Shang Shang, He Kang-Ning, Wang Zhao-Bin, Yang Tong, Liu Ming, Li Xiang
School of Electronics and Information, Jiangsu University of Science and Technology, Zhenjiang 212003, China.
College of Underwater Acoustic Engineering, Harbin Engineering University, Harbin 150001, China.
Comput Intell Neurosci. 2020 Nov 12;2020:8842390. doi: 10.1155/2020/8842390. eCollection 2020.

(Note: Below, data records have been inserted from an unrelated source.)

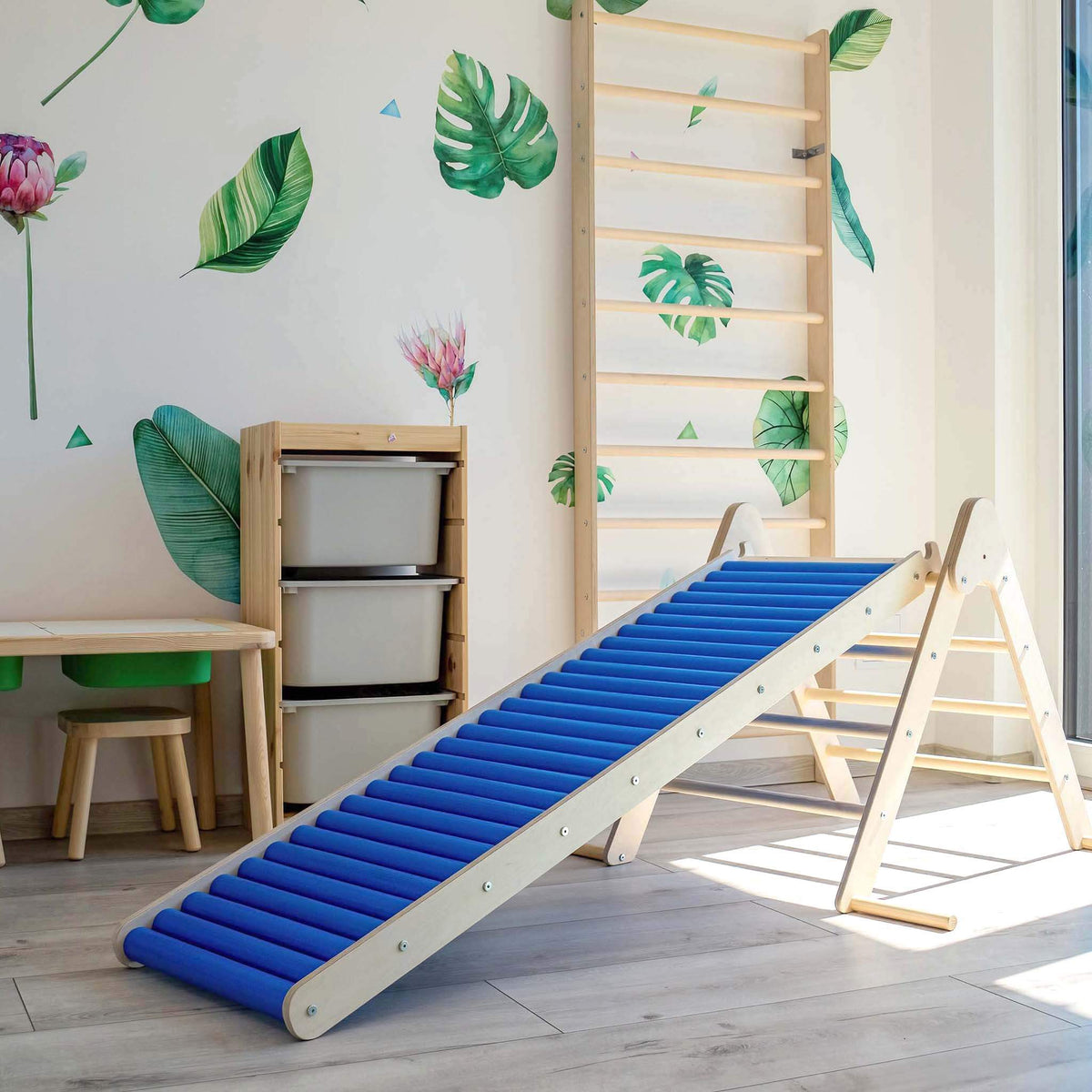 Rollenrutsche für Kinder aus Holz im Kinderzimmer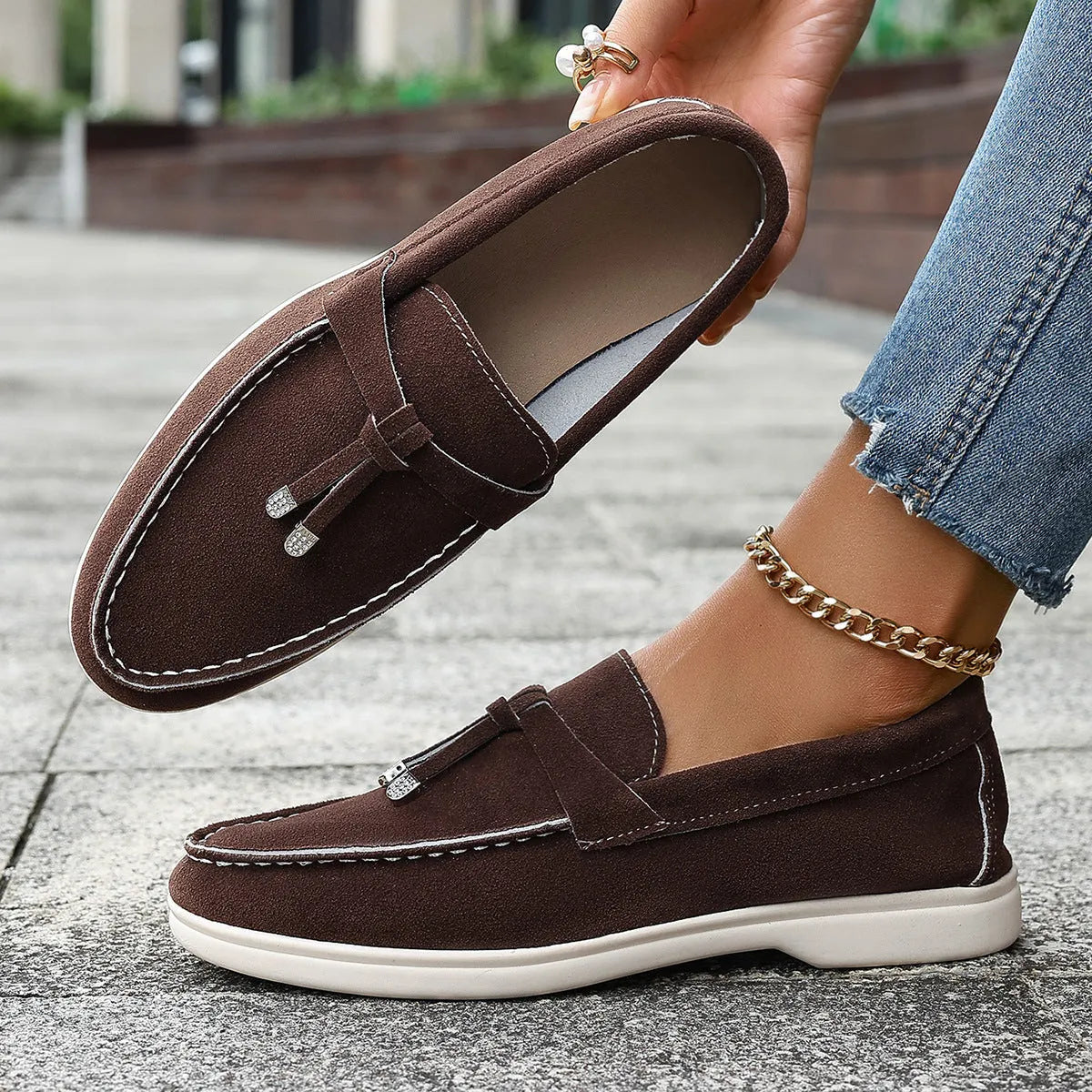 Canvas slip-on loafers with platform heel and round toe in solid colour options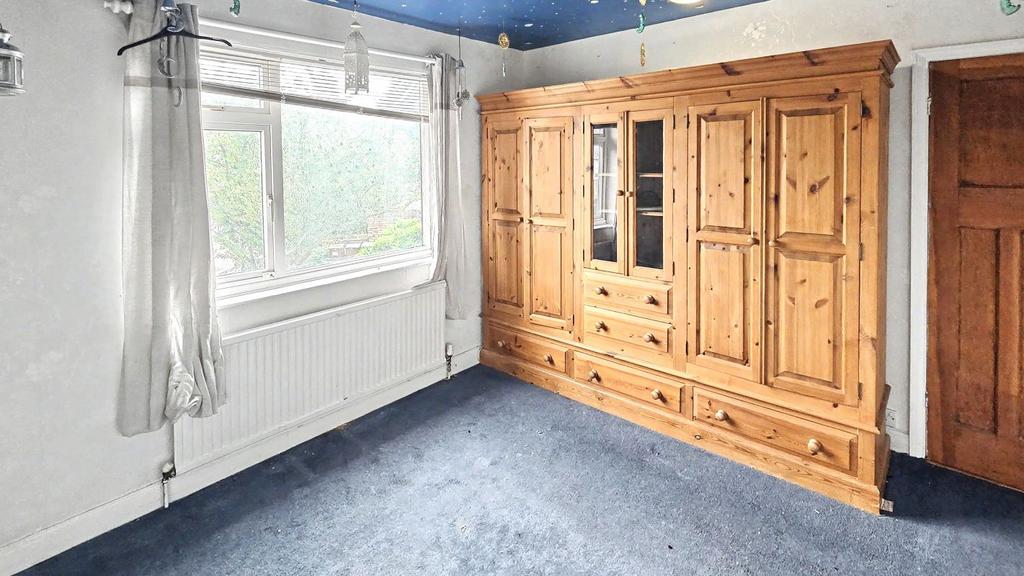 House in Nottingham - More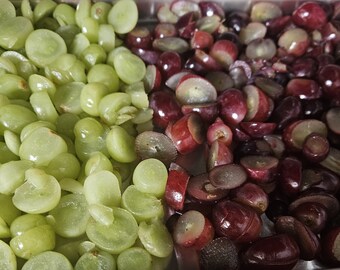 Freeze-Dried Grapes | Red Grapes | Black Grapes | Black Grapes | Seedless Grapes | Green Grapes | Vegan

The detection performance of high-frequency surface-wave radar (HFSWR) is closely related to the suppression effect of sea clutter. To effectively suppress sea clutter, a sea clutter suppression method based on radial basis function neural network (RBFNN) optimized by improved gray wolf optimization (IGWO) algorithm is proposed. Firstly, according to shortcomings of the standard gray wolf optimization (GWO) algorithm, such as slow convergence speed and easily getting into local optimum, an adaptive division of labor search strategy is proposed, which makes the population have abilities of both large-scale search and local exploration in the entire optimization process. Then, the IGWO algorithm is used to optimize RBFNN, finally, establishing a sea clutter prediction model (IGWO-RBFNN) and realizing the prediction and suppression of sea clutter. Experiments show that the IGWO algorithm has significantly improved convergence speed and optimization accuracy. Compared with the particle swarm algorithm with linear decreasing weight strategy (LDWPSO) and the GWO algorithm, the RBFNN prediction model optimized by the IGWO algorithm has higher prediction accuracy and has a better suppression effect on sea clutter of HFSWR.
高频地波雷达(HFSWR)的探测性能与海杂波抑制效果密切相关。为有效抑制海杂波,提出一种基于改进灰狼优化(IGWO)算法优化的径向基函数神经网络(RBFNN)的海杂波抑制方法。首先,针对标准灰狼优化(GWO)算法收敛速度慢、易陷入局部最优等缺点,提出一种自适应分工搜索策略,使种群在整个优化过程中同时具备大规模搜索和局部探测能力。然后,利用IGWO算法对RBFNN进行优化,最终建立海杂波预测模型(IGWO-RBFNN)并实现海杂波的预测与抑制。实验表明,IGWO算法显著提高了收敛速度和优化精度。与线性递减权重策略粒子群算法(LDWPSO)和GWO算法相比,经IGWO算法优化的RBFNN预测模型具有更高的预测精度,对HFSWR海杂波具有更好的抑制效果。